Statistical analyses
Surface area and height range were base-10-log-transformed to improve model residuals. Oyster densities were square-root-transformed to improve model residuals. Oyster densities were calculated by dividing oyster counts found at each experimental unit by the surface area of the experimental units. We quantified habitat structural complexity–abundance relationships using a GLMM (for count data) and LMMs (for density data), with second-order polynomials to allow for non-linear relationships between predictor and response variables. Study sites were included as random effects. To test our hypothesis that increasing habitat structural complexity would confer benefits to oysters that extend beyond increasing surface area for larval settlement, and that most of these additional benefits would arise from predator mitigation, we first compared the effects of surface area on oyster counts (Fig. 2a) between habitat units with and without cages using a GLMM with a negative binomial distribution. We then compared the effects of both fractal dimension and height range on oyster densities at habitat units with and without cages (Fig. 2b,c) using LMMs to highlight the influence of predation in driving habitat structural complexity–abundance relationships.
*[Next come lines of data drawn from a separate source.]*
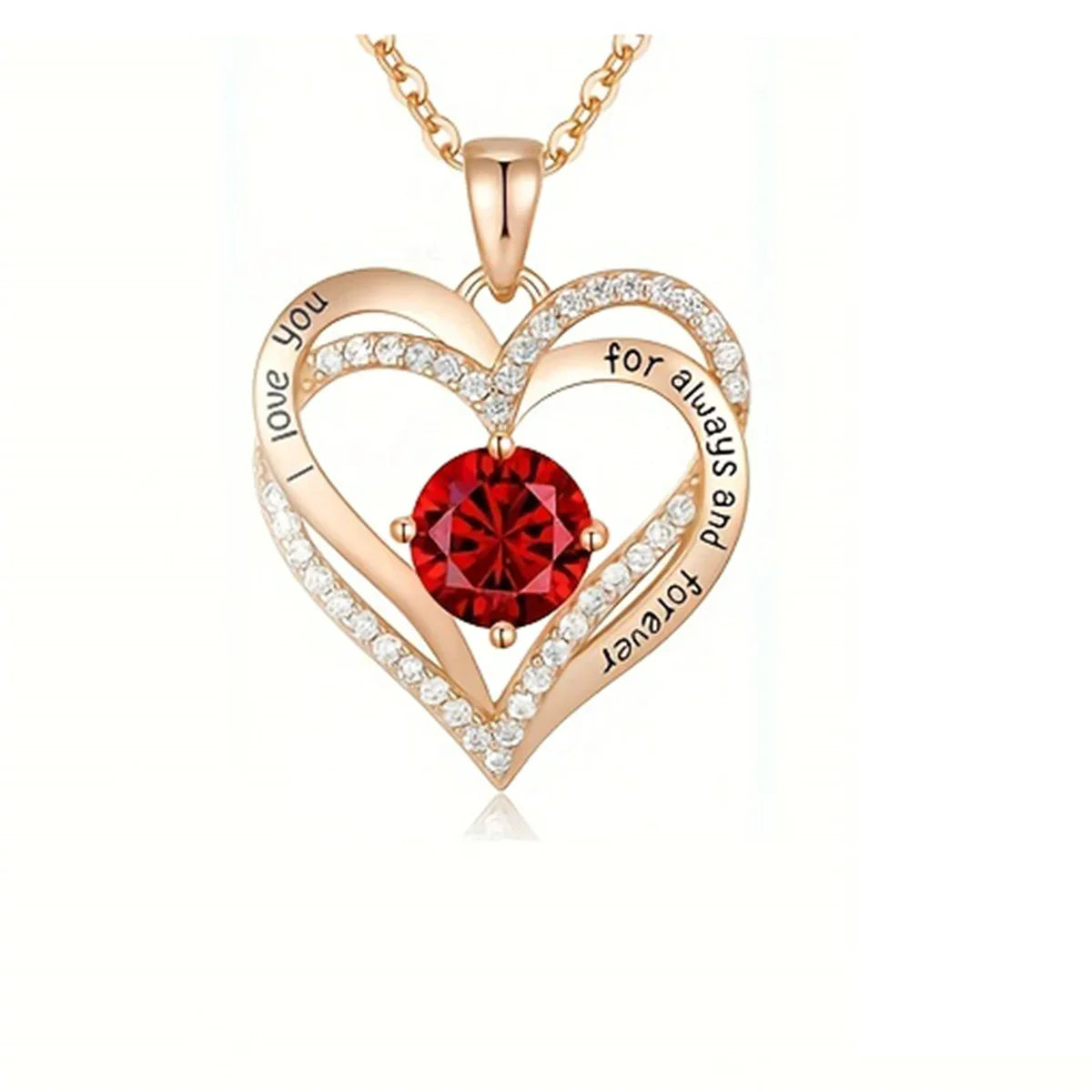 Luxury Red Zircon Necklace Rose Flower Gift Box for Her, 2026 Trendy "I Love You" Jewelry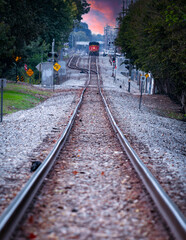 Train tracks in Memphis, TN during the sunset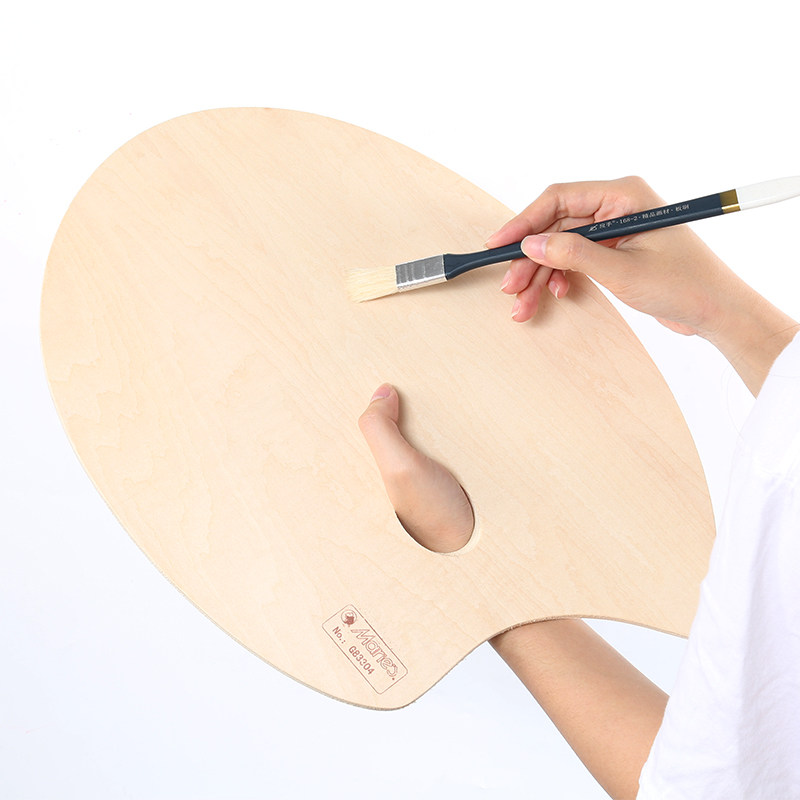 Mali Wood Oil Painting Palette Holding Professional Propylene Water Powder Paint Color Student with a color palette G83303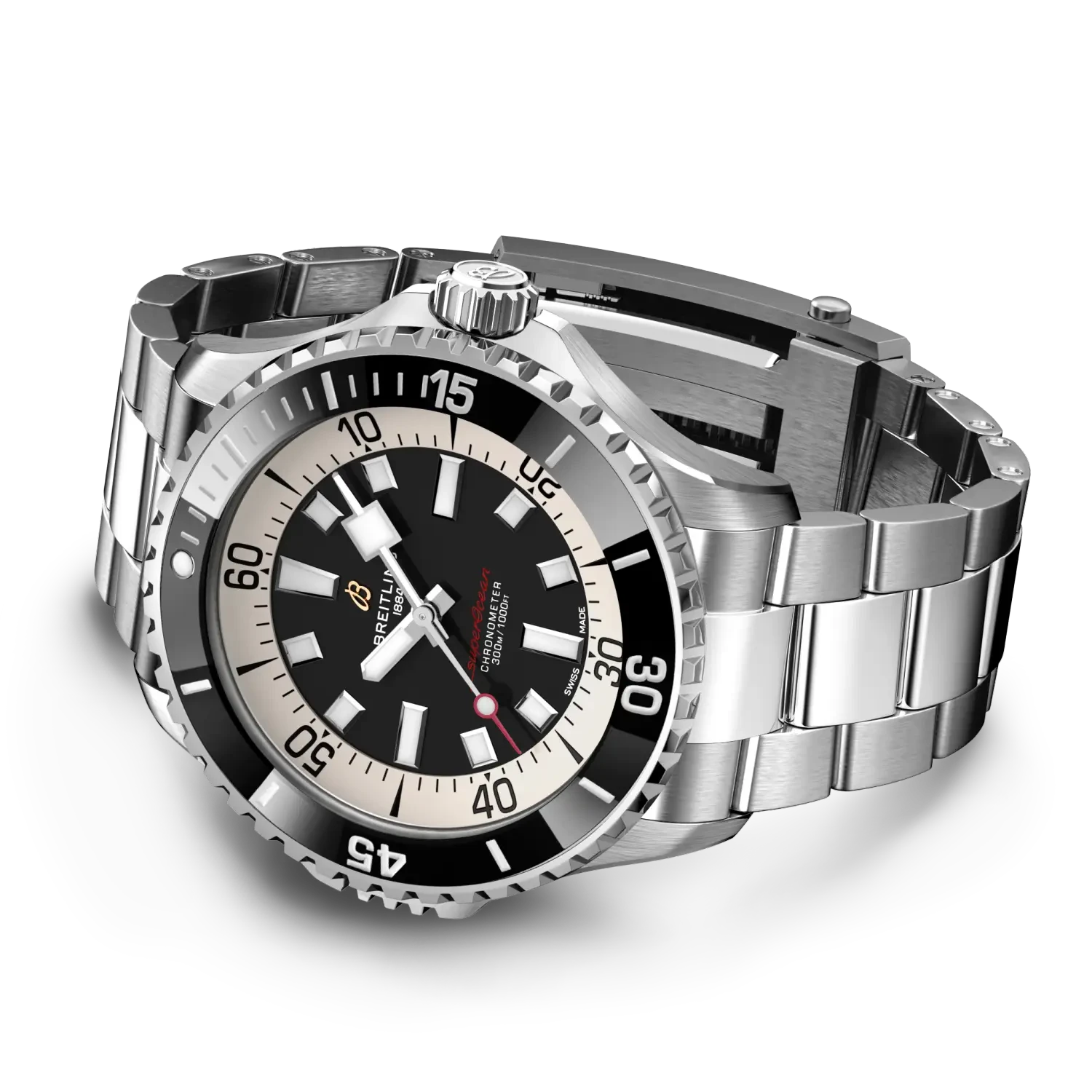 Breitling Superocean Automatic 46mm Black Dial on stainless steel strap - Closed Bracelet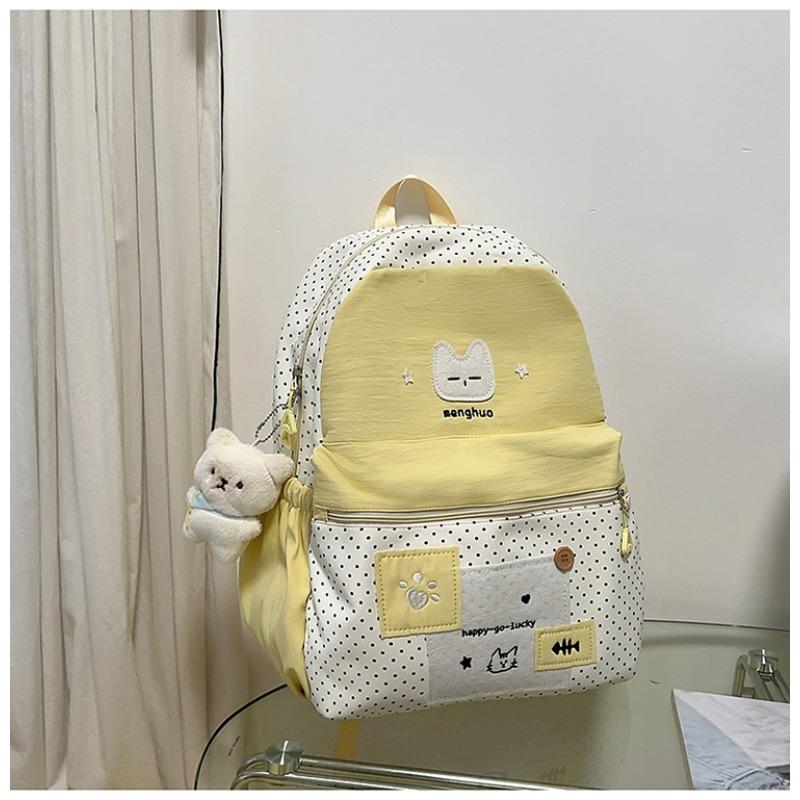 The New Japanese Ins High-value, Fresh and Sweet, Cute Cat Polka Dot Backpack, Lightweight Backpack for Junior High School Students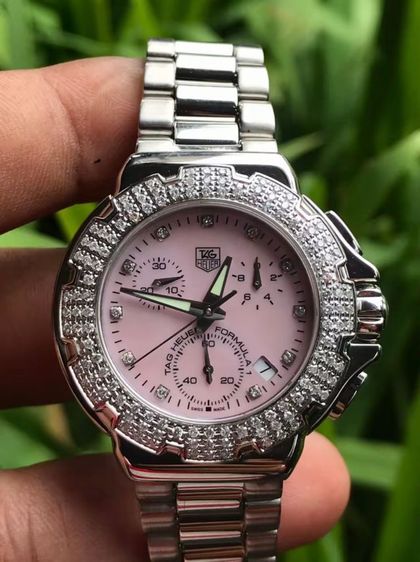 Tag Heuer F1 Top Quartz Chronograph Diamond Bezel Pink MOP Dail CAC1311🇨🇭🇨🇭
   รูปที่ 7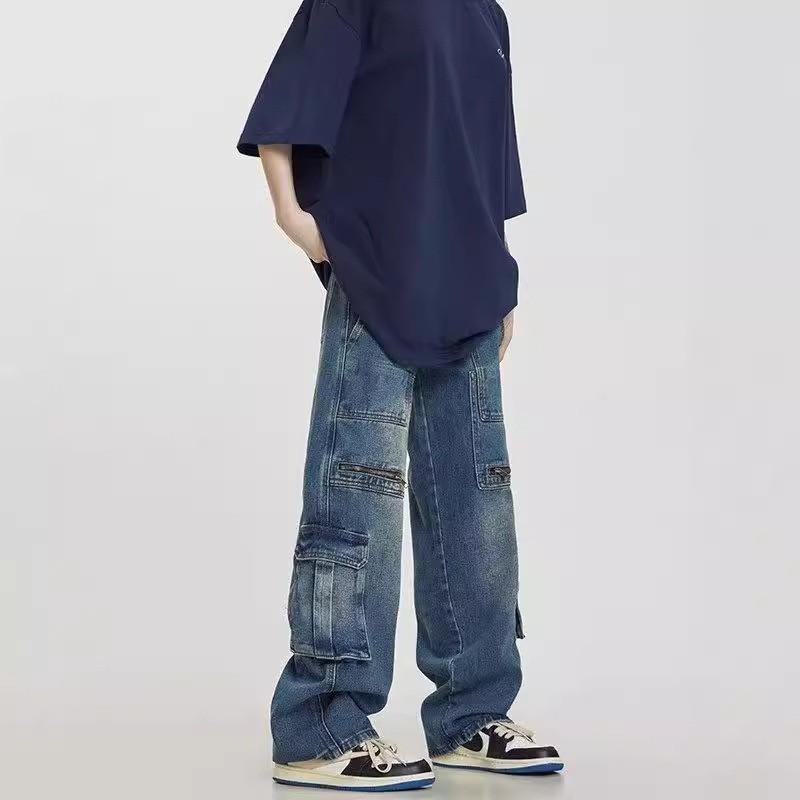 Men Women Vintage Washed Denim Cargo Pants Loose Straight Fit Streetwear Trousers With Multiple Pockets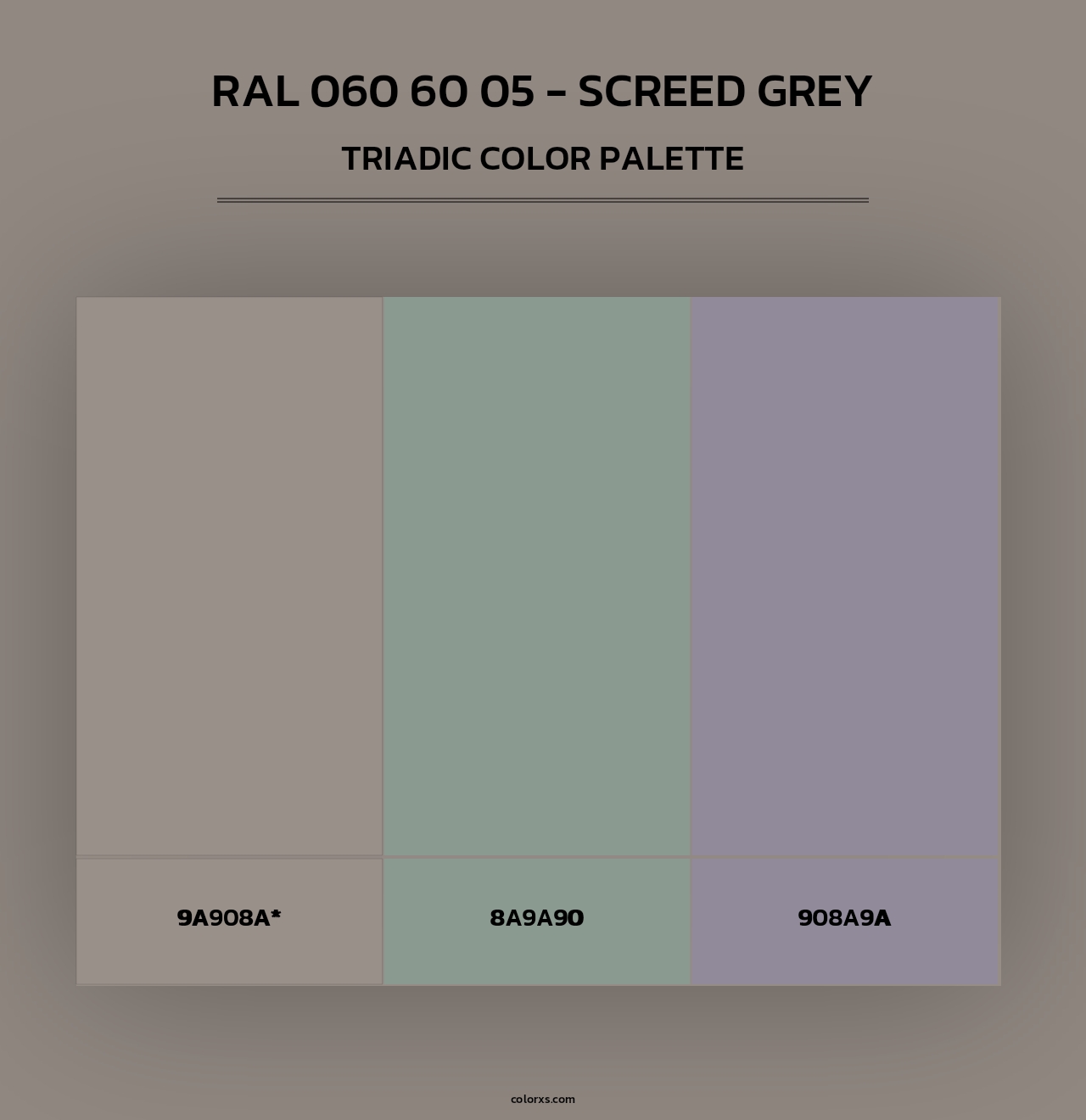 RAL 060 60 05 - Screed Grey - Triadic Color Palette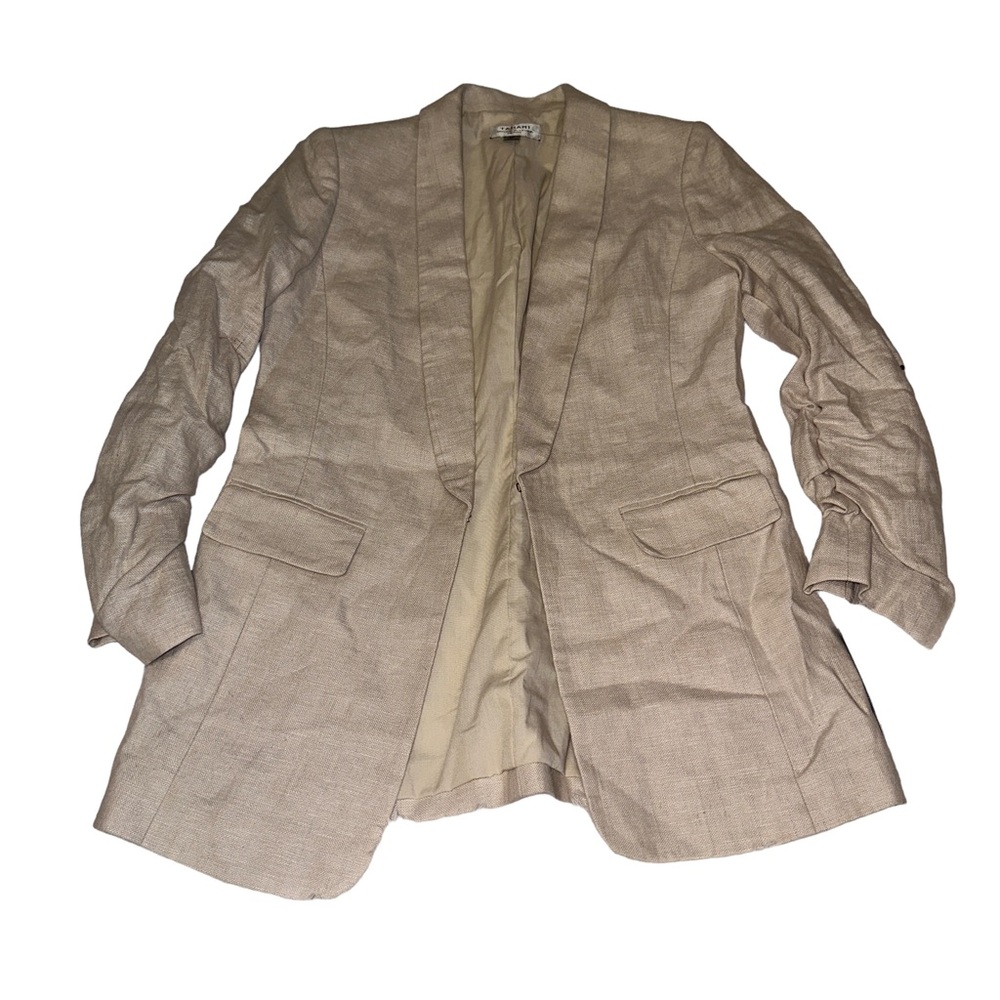 Petite Tahari Tan Linen Blazer
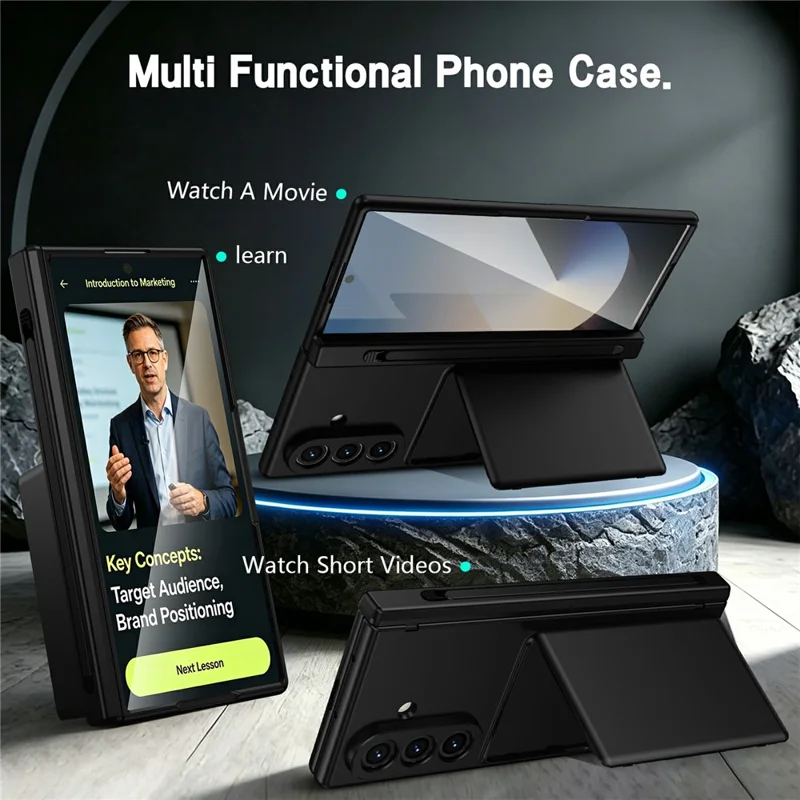 For Samsung Galaxy Z Fold8 Ultra Case Hard PC Phone Cover with Card Holder Screen Protector - Black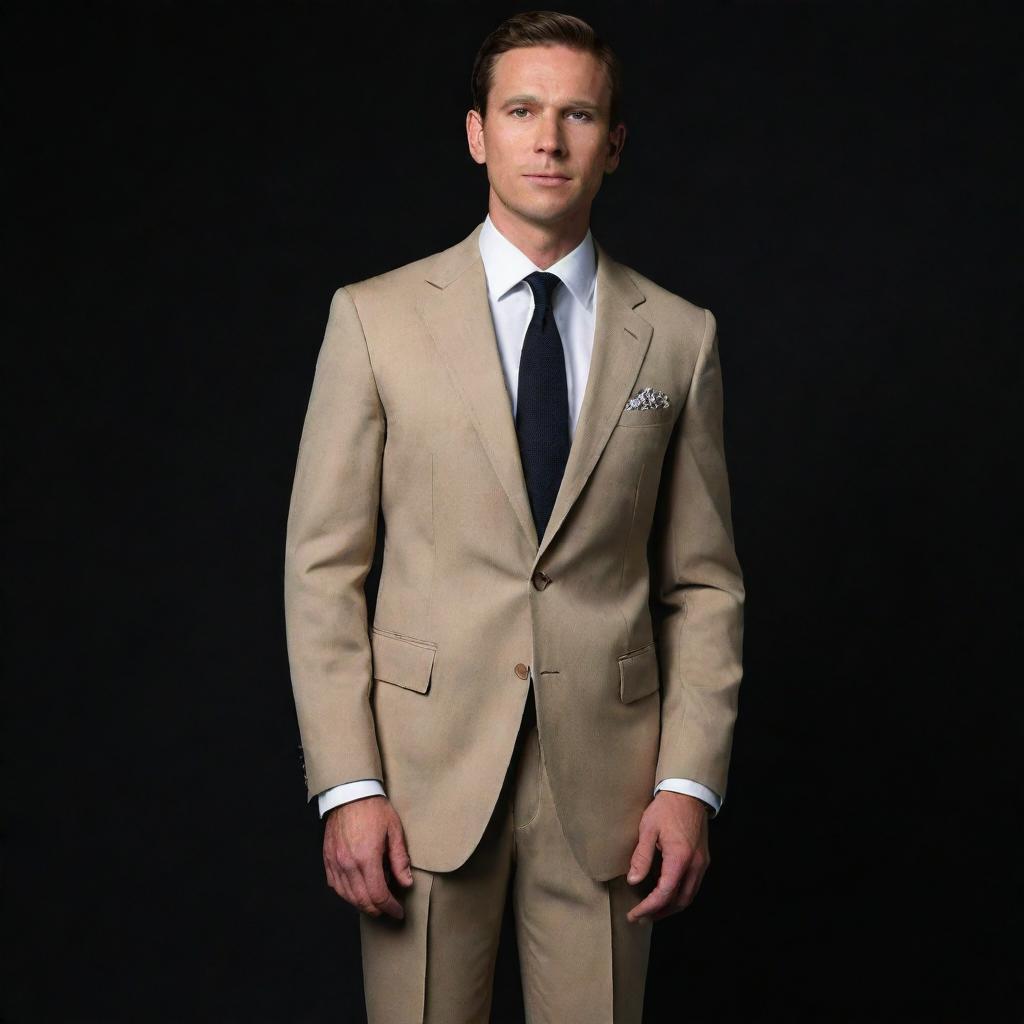 The same man, now dressed in an elegant, tailored khaki suit, standing boldly against a dark, pure black background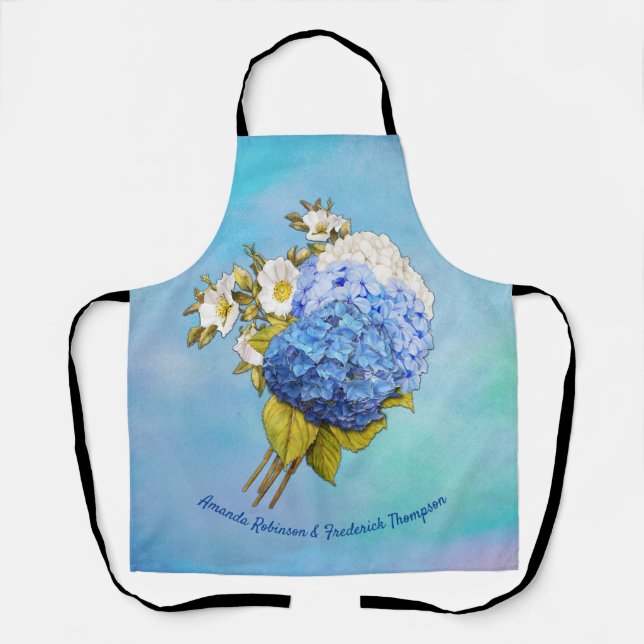 Tablier Nuances d'aquarelle bleue Hydrangeas (Recto)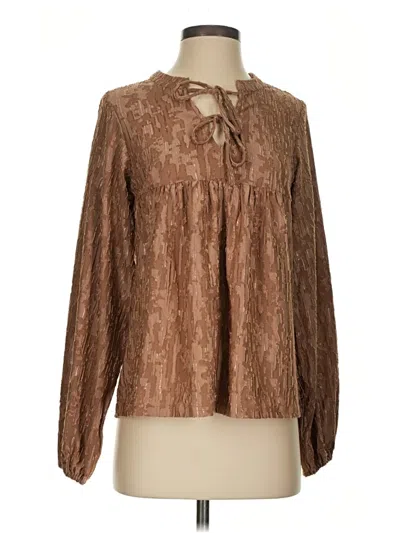 Gallery Long Sleeve Blouse In Brown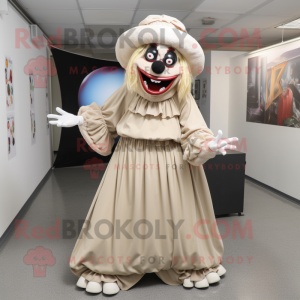 Beige Evil Clown maskot...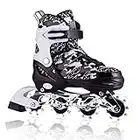 Kuxuan Boys Camo Black & Silver Adjustable Inline Skates with Light up Wheels, Fun Illuminating Roller Blading for Kids Girls Youth - Small(Y10-Y13).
To test our hypothesis that ecosystem engineering maximizes recruit survival per unit area, we quantified the interactive effect of fractal dimension and height range (for uncaged units only) on oyster densities using a LMM (Fig. 3 and Supplementary Table 5). Residuals for all these models were approximately normal and were homogeneous when plotted against predictor variables. To test for caging artefacts, a zero-inflated generalized linear model was run using a negative binomial distribution to assess treatment effects (n = 2; uncaged and partially caged) on oyster counts. All analyses were conducted in R (ref. 59 ; v.3.6.1) and can be accessed at https://github.com/juan-muelbert/Oyster-complexity.
Reporting summary
Further information on research design is available in the Nature Portfolio Reporting Summary linked to this article.